Astronomers are angry after a New Zealand startup announced plans to launch a giant disco ball satellite dubbed the 'Humanity Star'. Experts say the man-made star will interfere with the scientific study of the universe.
Last week, the space exploration startup Rocket Lab launched a rocket from a remote island on the Mahia Peninsula in New Zealand. Aboard that rocket was conventional satellites as well as the 'Humanity Star', a 3-foot-wide geodesic sphere made of carbon fiber and fitted with 65 highly reflective panels.
The launch was a source of great pride and jubilation across New Zealand as Rocket Lab's founder and chief executive Peter Beck labeled the launch an "almost unprecedented" step in commercial space exploration.
The 'Humanity Star' will reflect the sun's rays back to Earth creating a flashing light visible from anywhere on the globe. They say it will become the brightest object in the night sky for nine months before falling back to Earth.
Rocket Lab called the 'Humanity Star' a "reminder to all on Earth about our fragile place in the universe" and Peter Beck added that the sphere would "create a shared experience for everyone on the planet."

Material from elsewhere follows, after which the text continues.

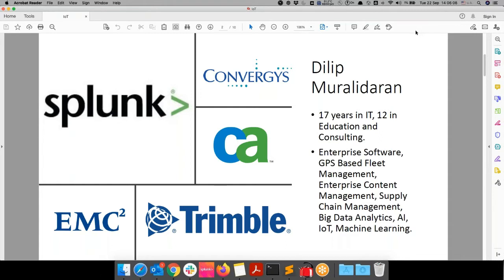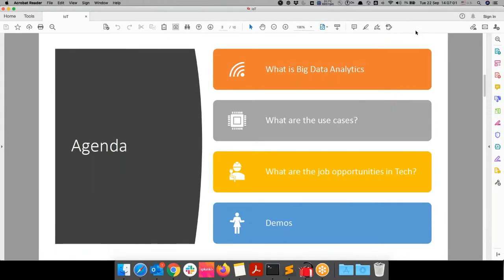I finally moved to EMC way back in 2008 and switched from a support-based profile to an education and consulting profile, and I haven't looked back since. I was an instructor and education consultant for the enterprise content management business with EMC for about five years, then moved to JDA Software, came back to EMC as a Principal Instructor, and four years ago moved to Splunk. That's a short synopsis of who I am and my career history. Today I would like to facilitate this discussion on big data analytics.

Astrophysicists disagree with Rocket Lab saying that the star will create light pollution that already makes it challenging for scientists to study stars. Richard Easther from the University of Auckland said, "This one instance won’t be a big deal but the idea of it becoming commonplace, especially at larger scales, would bring astronomers out into the street."
"I can understand the exuberance for this sort of thing but I also get the sense that they did not realize that people could see a downside to it," Easther continued. Mike Brown from California Institute of Technology was less polite when he tweeted at the startup.
"Wow. Intentionally bright long-term space graffiti. Thanks a lot, @RocketLab," Brown wrote on Twitter. Director of astrobiology at Columbia University Caleb Scharf added his opinion saying the star represented "another invasion of my personal universe, another flashing item asking for eyeballs."
"Most of us would not think it cute if I stuck a big flashing strobe-light on a polar bear, or emblazoned my company slogan across the perilous upper reaches of Everest," Scharf continued.
"Jamming a brilliantly glinting sphere into the heavens feels similarly abusive. It’s definitely a reminder of our fragile place in the universe because it’s infesting the very thing that we urgently need to cherish."